## WHAT IS EXPECTED
Taking the line with "LEGO® DUPLO® Figur Kind Junge Auto gebraucht" as the first, copy every line through the end of the records below exactly. Do not include pictures.
═══
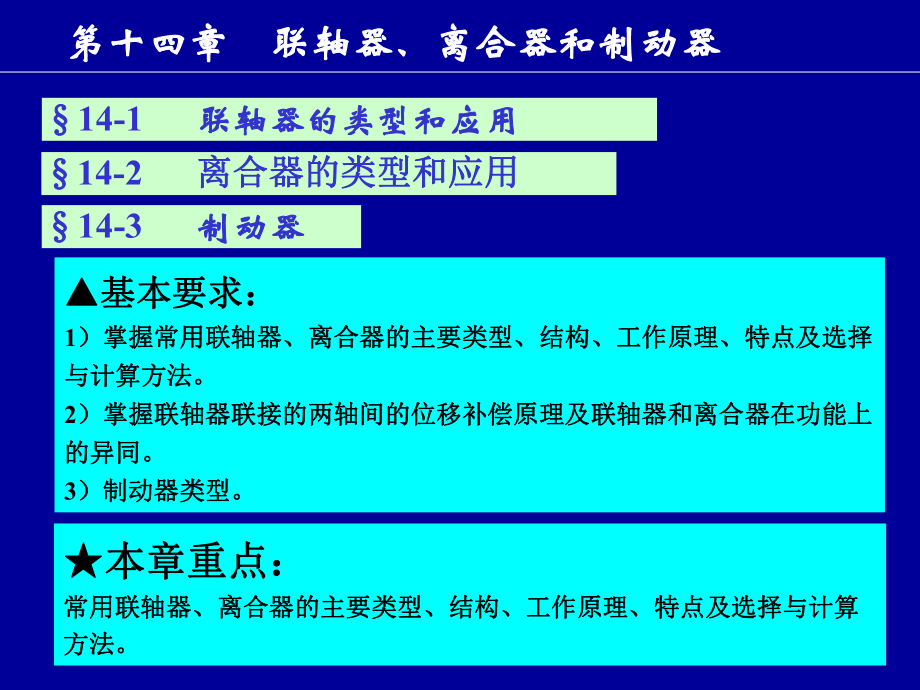 CH14联轴器、离合器和制动器_第1页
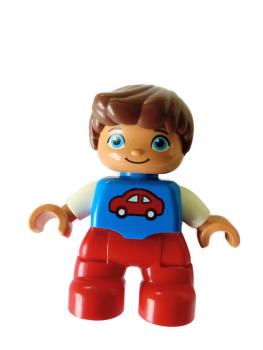LEGO® DUPLO® Figur Kind Junge Auto gebraucht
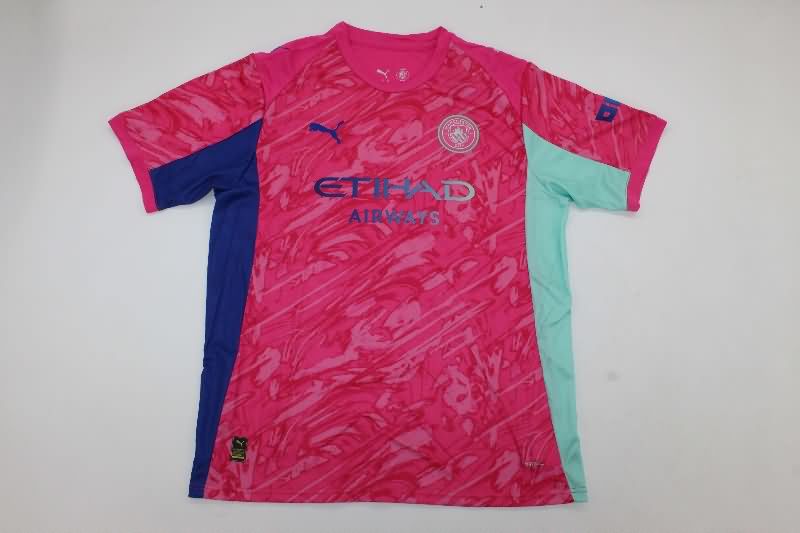 AAA(Thailand) Manchester City 25/26 Goalkeeper Pink Soccer Jersey
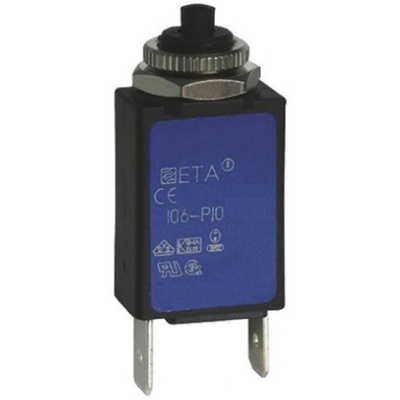 ETA Thermal Circuit Breaker - 106 Single Pole 240V Voltage Rating Panel Mount, 3A Current Rating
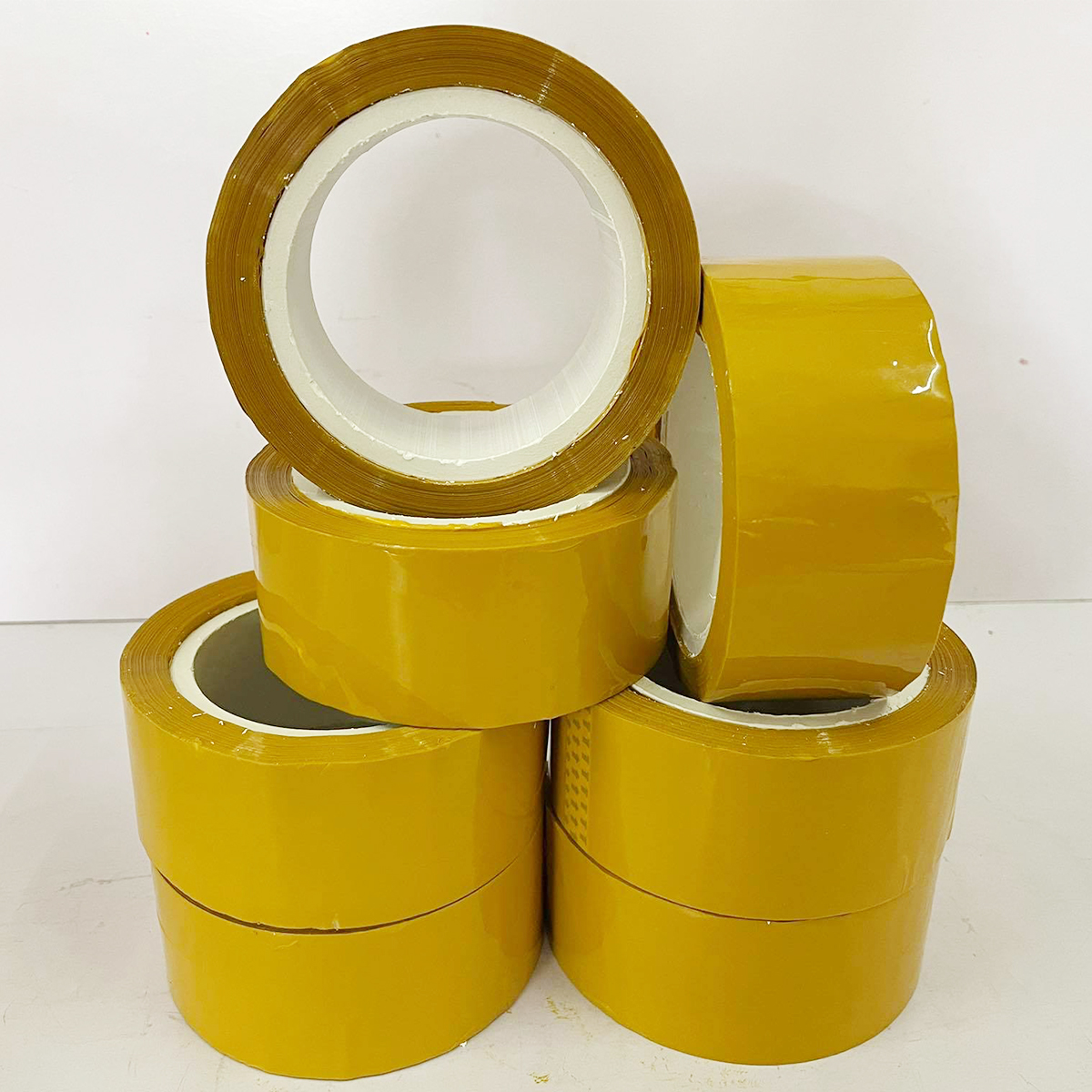 [ Rẻ Vô Địch ] - Băng Dính Đóng Hàng 1.8Kg/Cây 6 Cuộn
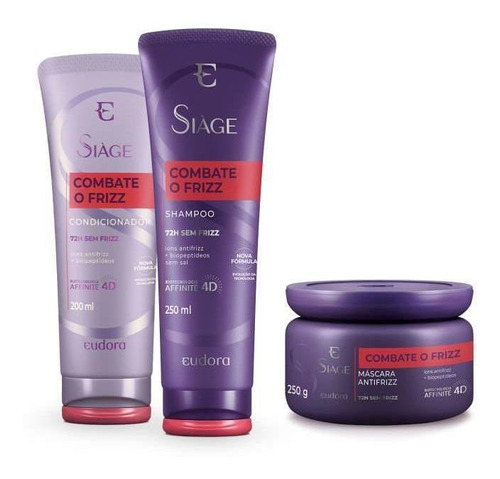 Siàge Combate O Frizz: Shampoo+condicionador+máscara Capilar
═══
## ANSWER SPACE
LEGO® DUPLO® Figur Kind Junge Auto gebraucht
 AAA(Thailand) Manchester City 25/26 Goalkeeper Pink Soccer Jersey
 ETA Thermal Circuit Breaker - 106 Single Pole 240V Voltage Rating Panel Mount, 3A Current Rating
 [ Rẻ Vô Địch ] - Băng Dính Đóng Hàng 1.8Kg/Cây 6 Cuộn
 Siàge Combate O Frizz: Shampoo+condicionador+máscara Capilar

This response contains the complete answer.